While the uncertainty stemming from rate hikes has sidelined aspiring home buyers and property investors, an expert provides insights into how the market will shape up once the dust settles in six months.
In the ever-changing landscape of the property market, various acronyms have emerged to capture the sentiments of buyers.
From FOMO (fear of missing out) to the more recent FOOP (fear of overpaying), Scott Levoune of Wealth Through Property highlighted that the market has witnessed the rise and fall of different anxieties.
“There are 16,000 markets across Australia, [with the] majority of the suburbs had substantial growth through COVID-19, a lot of buyers over-offered and overpaid for property, especially across Sydney and Melbourne property markets,” he explained.
However, in the current climate, the expert noted a new player has taken centre stage: FOIRH or the fear of interest rate hikes.
“When interest rates started to rise, this directly affected the cost of living in many of these suburbs, resulting in the markets correcting in price to where they should have risen through the times in COVID,” he stated.
Currently, the country’s official cash rate stands at 3.85 percent, its highest level since 2012. This follows a series of 11 rate hikes doled out by the Reserve Bank (RBA) that started in May 2022 to combat surging inflation.
Thanks to the RBA’s rapid rate cycle, mortgage rates have almost doubled while borrowing capacity has been reduced by around 30 per cent.
This is the steepest drop in borrowing capacity on record, and it would normally be associated with a major drop in property values.
Up to February 2023, data from CoreLogic showed national dwelling prices had recorded 11 consecutive months of declines, weighed down by weaker buying sentiment from the rate hikes.
But Mr Levoune noted that the tide may be starting to shift, highlighting that “the trends have started to show signs the Melbourne and Sydney markets have bottomed out, and already started to increase again in value.”
After falling -9.1 per cent between May 2022 and February 2023, Australian housing values look to have bottomed out, posting a second consecutive monthly rise in April.
Notably, the harbour city’s dwelling values increased 1.3 per cent in April, with the property research firm noting the capital is leading the positive turn in housing conditions, with dwelling values rising each month since February.
On that note, Mr Levoune believes that FOIRH will begin to dissipate and will bring forth a “steady return for buyers” who have stood at the sidelines amid the rate hike uncertainty.
“Property buyers are actively returning to the property markets, again which by the end of 2023 will result in a very hungry property market again, leading to substantial growth through 2024,” he stated.
But he acknowledged the storm is not fully over yet, noting the RBA will only consider lowering interest rates once they observe certain trends.
“The central bank will not drop interest rates until they can see trends that [indicate] dropping interest rates won’t have an effect on slowing the drop of inflation back to their 2 to 3 per cent target mark,” he stated.
Although the majority of banks and economists are forecasting the RBA will begin winding back its rate hikes this year, Mr Levoune said, “We need to remember how many times they have been wrong and their advice is to be taken with a grain of salt.

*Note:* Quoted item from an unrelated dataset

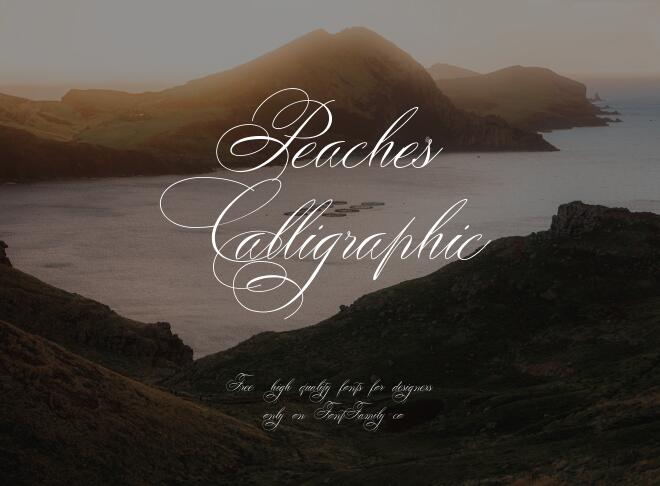 Peaches Calligraphic Font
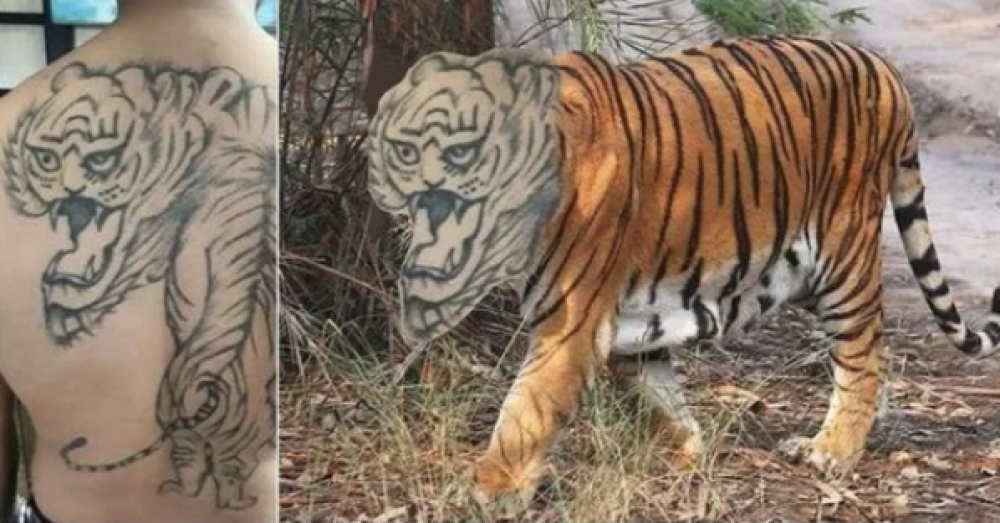 La tigre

“While you should also have considerations for their advice, you should be getting in the market based on your own circumstances and not trying to actively time the market,” he said.
In addition, he underlined investors should remember that “all property markets grow at different times and some property markets are outperforming the average by far.”
So how can less experienced buyers and investors navigate the current market? Here are five tips provided by the expert:
1. Have a long-term approach.
Timing the market can lead to missed opportunities and higher property costs, according to the expert.
“Property will always be a long-term game; those who try and time the market miss out and generally end up paying more for property. People have been waiting 30-plus years for the market to crash and the crash has never happened,” he explained.
2. Check your financial position
While growing markets can be found with an experienced buyer’s agent, Mr Levoune also highlighted the importance of being in a financially sound position before buying a property.
“[Stress] test yourself at higher interest rates and understand your capacity on whether or not you could afford a property of higher value.
3. Find your market entry point
Mr Levoune underlined the importance of understanding that, when starting out, it’s okay to buy on the outskirts of any city to get into the property market.
“Generally, the entry points are a lot cheaper and eventually give you the capacity to upsize in the future. Don’t compare yourself to other buyers; a lot of other buyers are cashed up because of the increase of house prices through COVID; their entry points are a lot [easier] for them to get in,” he explained.
4. Avoid comparison
The expert also advised buyers not to compare themselves to their peers.
“With there not being a lot of stock on the market, buyers are also going to have to compete to try and secure these properties, which in return will push up prices from people getting emotionally invested and constantly losing out on property deals,” he explained.
4. Seek professional advice
Lastly, the expert recommended less experienced buyers seek advice from professionals.
“Whether you’re looking for a principal place of residency or investment property, leveraging an experienced buyer’s agent who specialises in data, trends and statistics is a sure way to make sure you are not buying into a market that is dropping in value,” he stated.